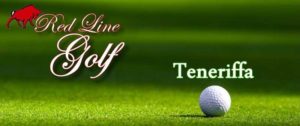 Golfurlaub Teneriffa - Ferienhäuser und Ferienwohnungen für Golfer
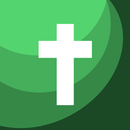 библия синодальный перевод APK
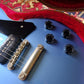 Gibson Les Paul Classic 2018 Pelham Blue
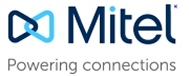 mitel s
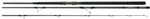 Daiwa Coastal Sp Surf Rod Csp1002mfs 10ft 2pc Medium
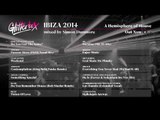 Defected presents Glitterbox Ibiza 2014 - Album Sampler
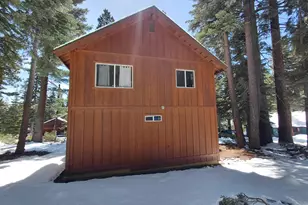 3865 Dinah Rd, Carnelian Bay, CA 96140 - Photo 7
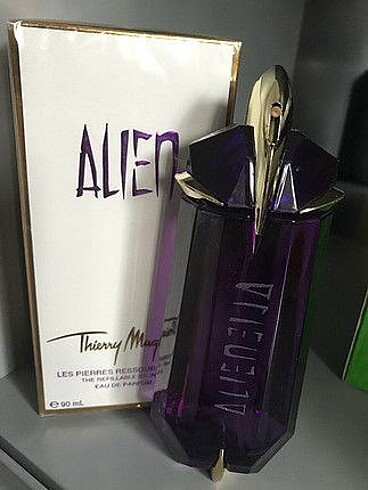 Alien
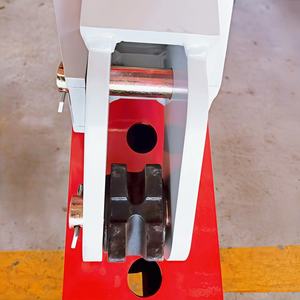 Machine <span class=keywords><strong>de</strong></span> redressage <span class=keywords><strong>de</strong></span> carrosserie automobile / Équipement d'atelier <span class=keywords><strong>de</strong></span> carrosserie automobile avec acier au manganèse pour ateliers <span class=keywords><strong>de</strong></span> réparation et garages - Product Image 5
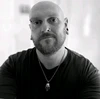 Profile picture of Andy
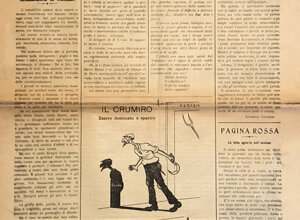 img_0227.jpeg img_0227.jpeg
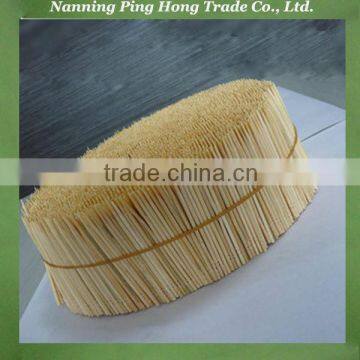 bulk wooden toothpick and box wooden toothpick and bag wooden toothpicks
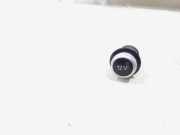 Zigarettenanzünder Audi A4 Avant 8W, B9 8W0919311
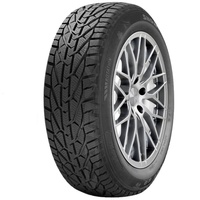 Riken Snow 195/55 R15 85H
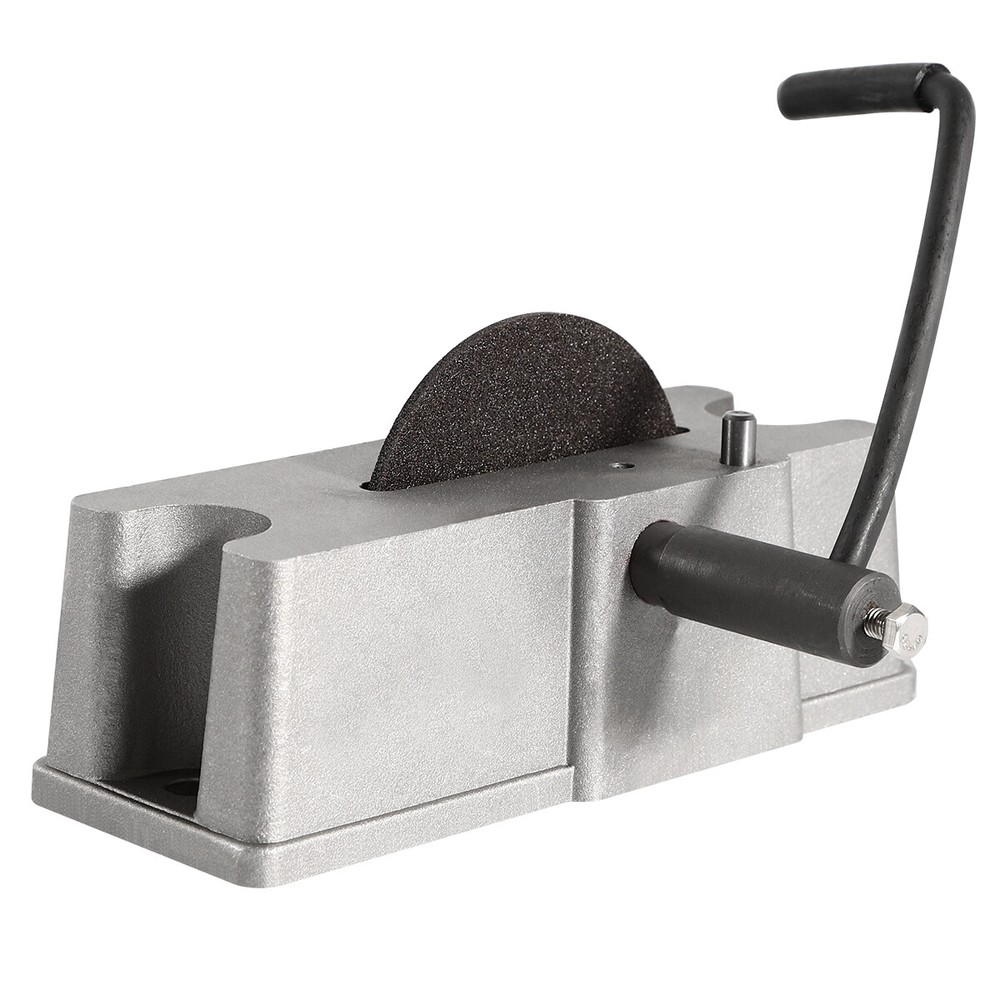 Performance Engine Piston Ring Filer Grinder Grinding Tool 66785 Manual Operated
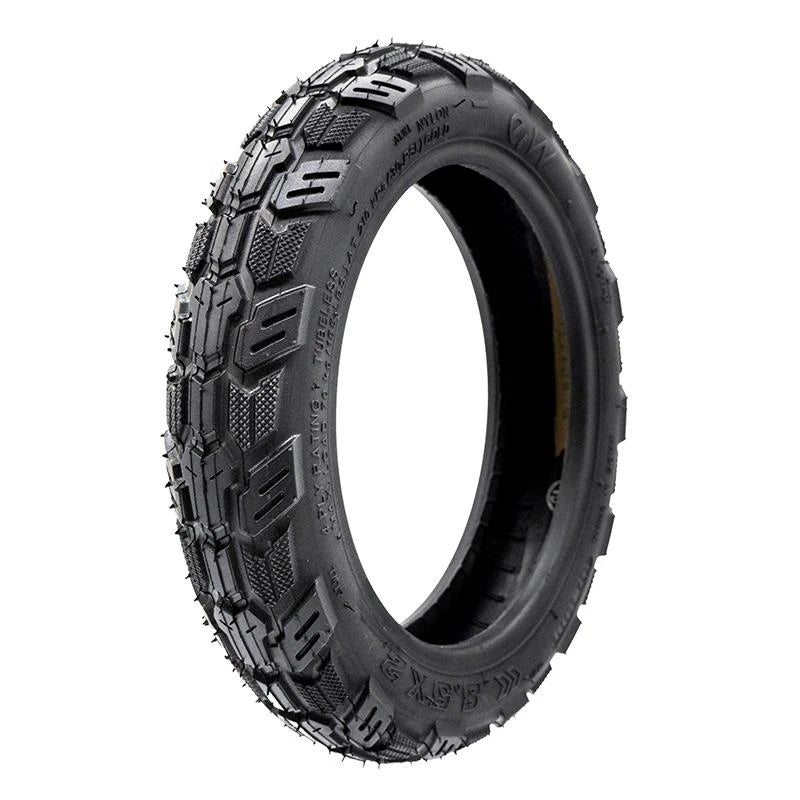 Pneu tubeless off-road 8.5x2 (6.1) eWheel – Xiaomi M365, Pro, 1S, Essential
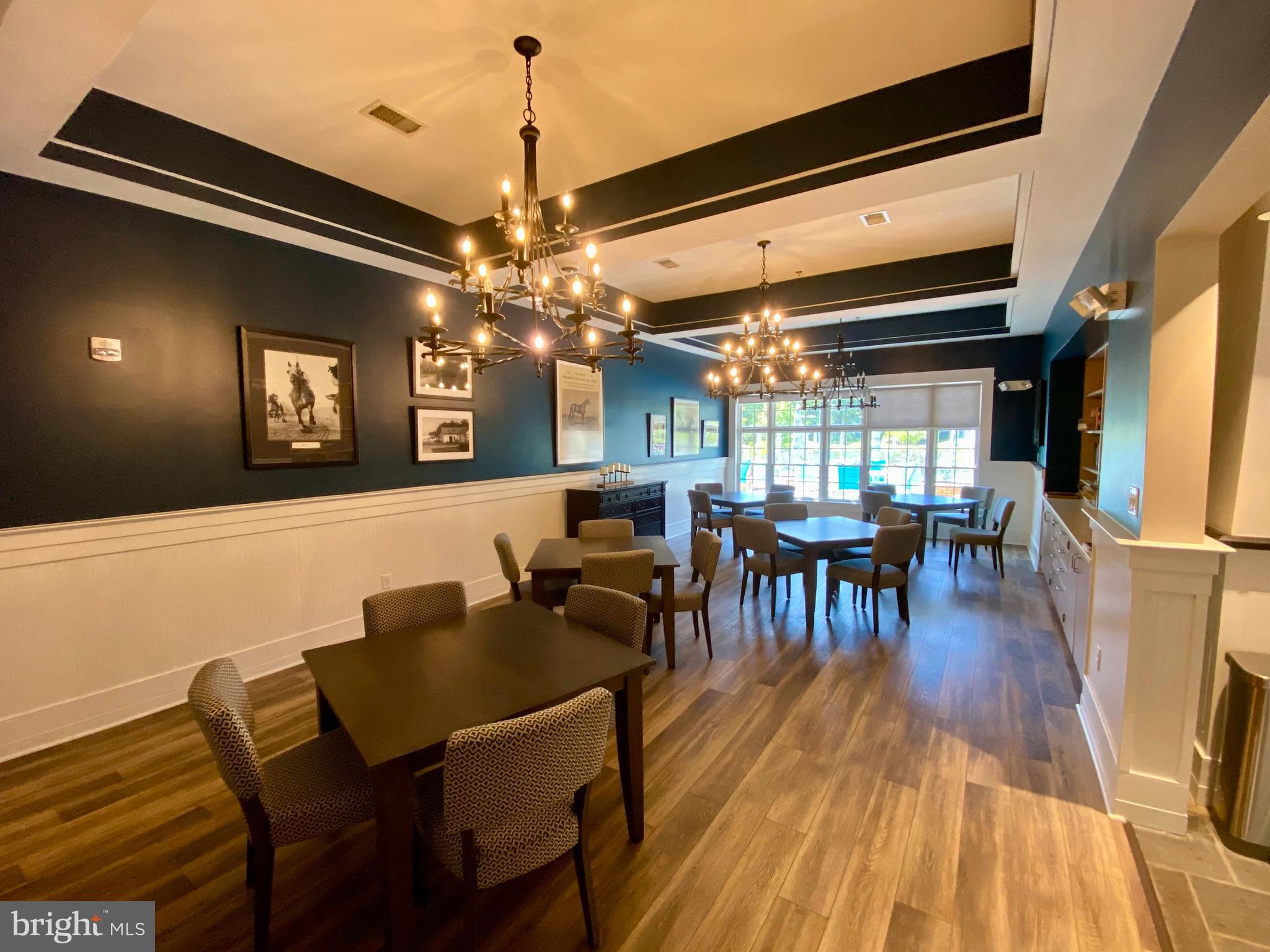 GLEN RIDDLE - Residential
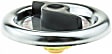 31624 Gas Cap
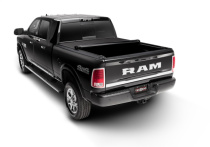 Ram 1500 2009-2018 & Ram 1500 Classic 2019-2024 6ft 4in Pro X15 Flaklock TruXedo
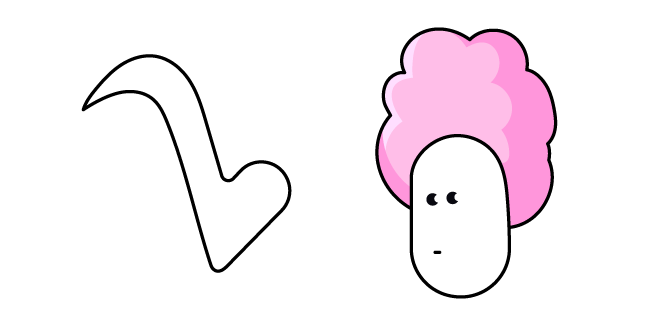 Homestar Runner The Hurricane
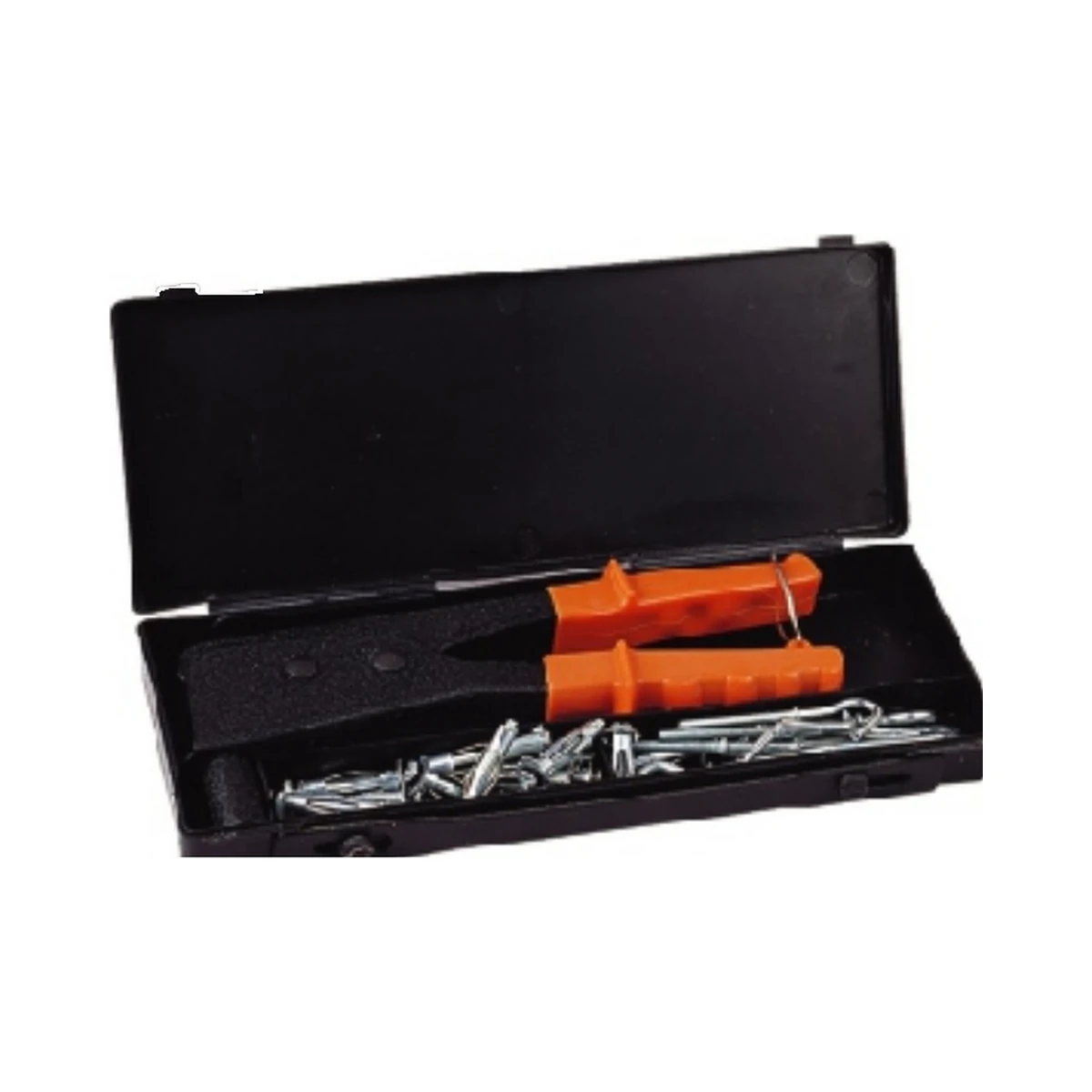 RG-22 EXPANDING BOLT GUN KIT — Riveting Tools by Zhenkai Tools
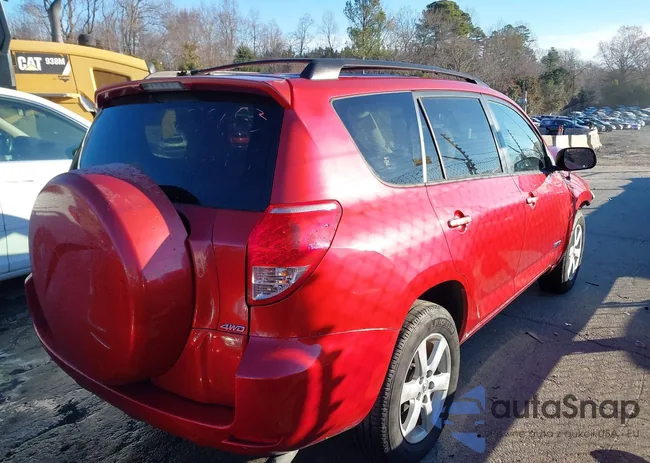 JTMBK31V175018535: 38199338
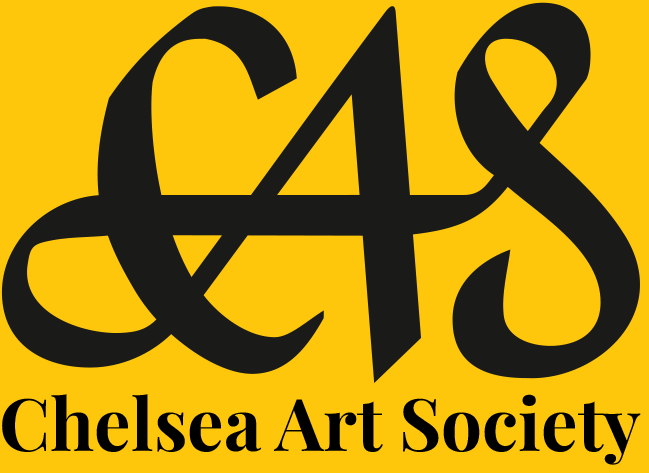 Chelsea Art Society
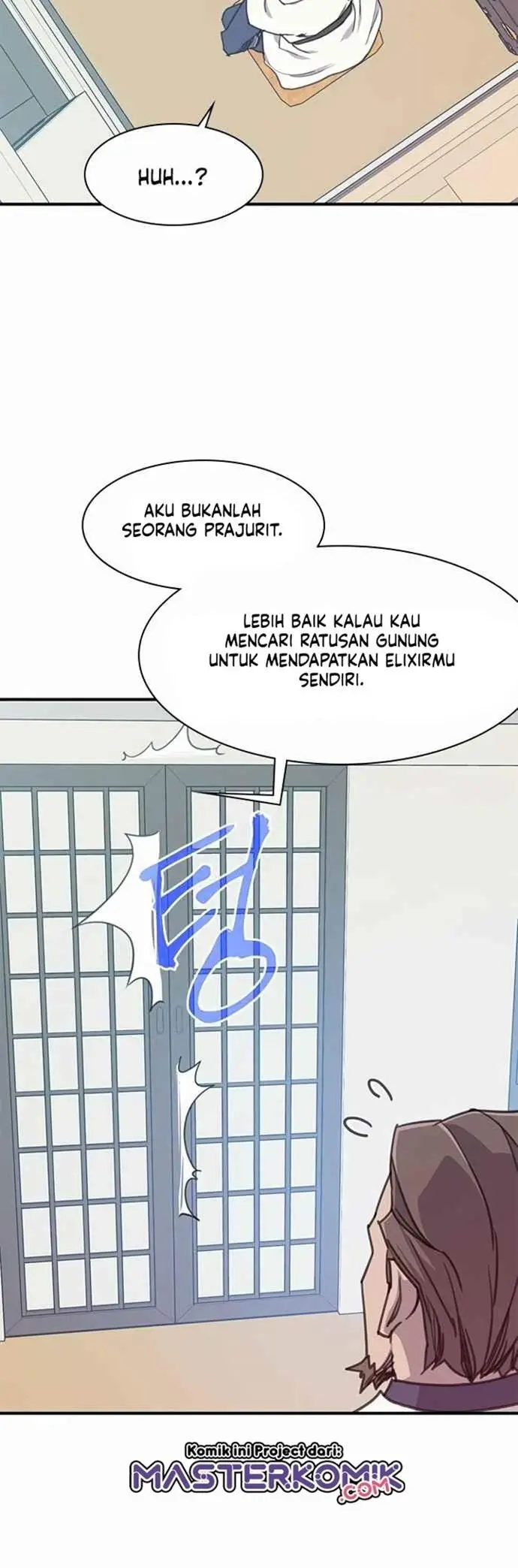 image-komik-the-strongest-in-history-chapter-49-31/67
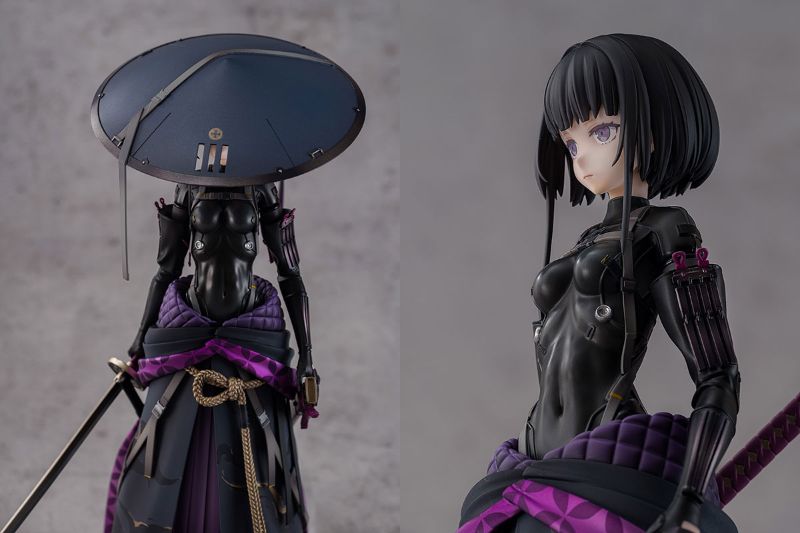RONIN　イメージ画像3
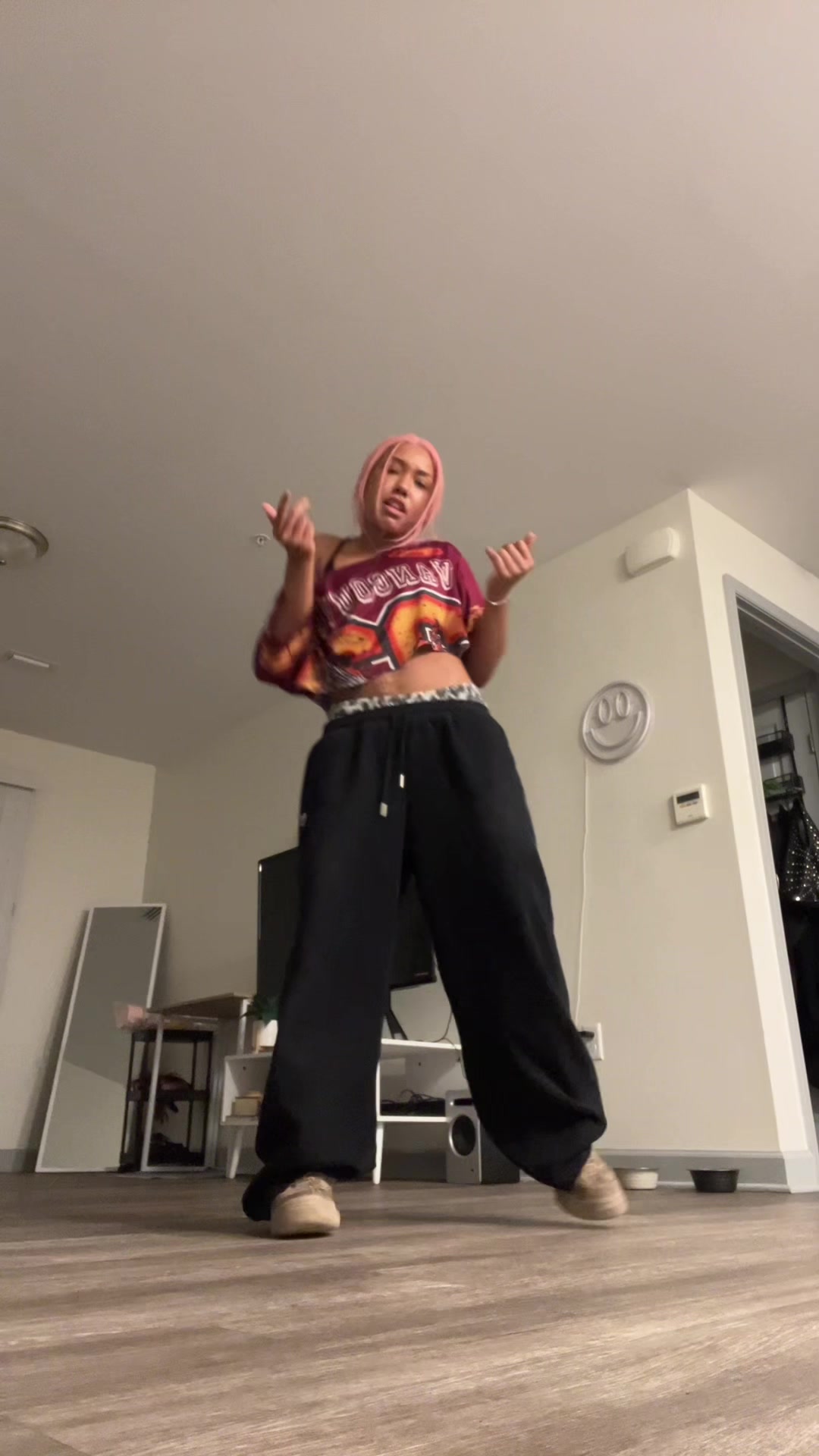 @mya โ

------------------------------------------------

* _Activity_
Give again, word for word, every line from the top of the data above to the line holding "Machine <span class=keywords><strong>de</strong></span>", inclusive, with the pictures left out.

* _Solution for this exercise_
 Golfurlaub Teneriffa - Ferienhäuser und Ferienwohnungen für Golfer
 библия синодальный перевод APK
 Gibson Les Paul Classic 2018 Pelham Blue
 mitel s
 Daiwa Coastal Sp Surf Rod Csp1002mfs 10ft 2pc Medium
 Defected presents Glitterbox Ibiza 2014 - Album Sampler
 3865 Dinah Rd, Carnelian Bay, CA 96140 - Photo 7
 Alien
 Machine <span class=keywords><strong>de</strong></span> redressage <span class=keywords><strong>de</strong></span> carrosserie automobile / Équipement d'atelier <span class=keywords><strong>de</strong></span> carrosserie automobile avec acier au manganèse pour ateliers <span class=keywords><strong>de</strong></span> réparation et garages - Product Image 5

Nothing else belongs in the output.